Oklahoma, Louisiana and Ohio have stations that are selling gas at $1.90 a gallon. With all the holiday driving that many people do, most people are actually smiling as they fill up their tanks. There are ten additional states that have prices lower than the two dollar mark as well – Alabama, Arizona, Colorado, Indiana, Mississippi, Missouri, Nebraska, New Mexico, Texas and Virginia. Missouri is the state with the lowest average price overall at $2.25. AAA reported some states have only one or two stations with prices this low, but that’s all it takes for other stations to follow to continue a trend.
The good news is these may not be the lowest prices we will see. Crude oil prices have dropped from $115 a barrel to under $58 a barrel. Three factors are causing the lack of demand for the supply. Saudi Arabia’s confidence in the market righting itself has caused them to refuse cutting back their production of crude oil. There is a slow down in construction and expansion in Europe and especially Asia, specifically China who has dominated a lot of the oil supply over the last decade. And last but not least – more fuel efficient cars that demand less gas have started to cause a small dent in how much the world uses in cars.

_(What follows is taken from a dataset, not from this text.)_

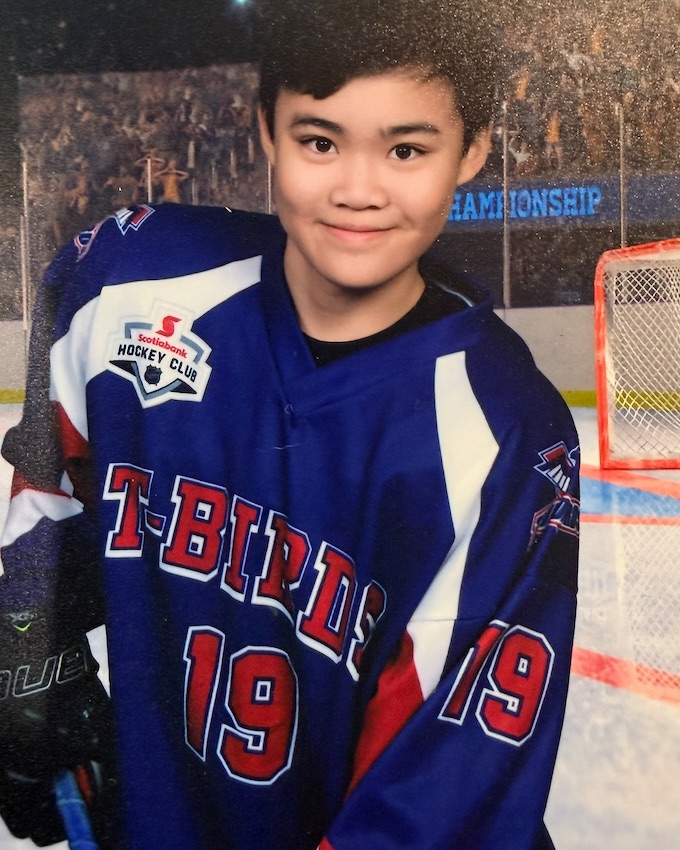 Matthew Shen in his T-Birds hockey jersey, number 19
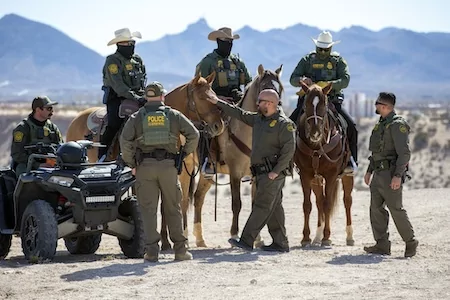 Border Patrol agents wait for the arrival of Defense Secretary Pete Hegseth for a visit to the US-Mexico border in Sunland Park, N.M., Monday, Feb. 3, 2025. (AP Photo/Andres Leighton)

With it appearing there’s no stopping gas prices from continuing to fall, consumers are starting to spend more this holiday season. As retail spending rises, more jobs may be created to off-set the possible job losses from the United States shale oil production market.
The low prices also entice people to travel more, at least by car. It may not be the same for plane travel (at least not yet) as the falling oil prices have yet to yield lower plane ticket prices. If enough people opt for their cars, it may not be long before public pressure causes airlines to look at their pricing structures as well.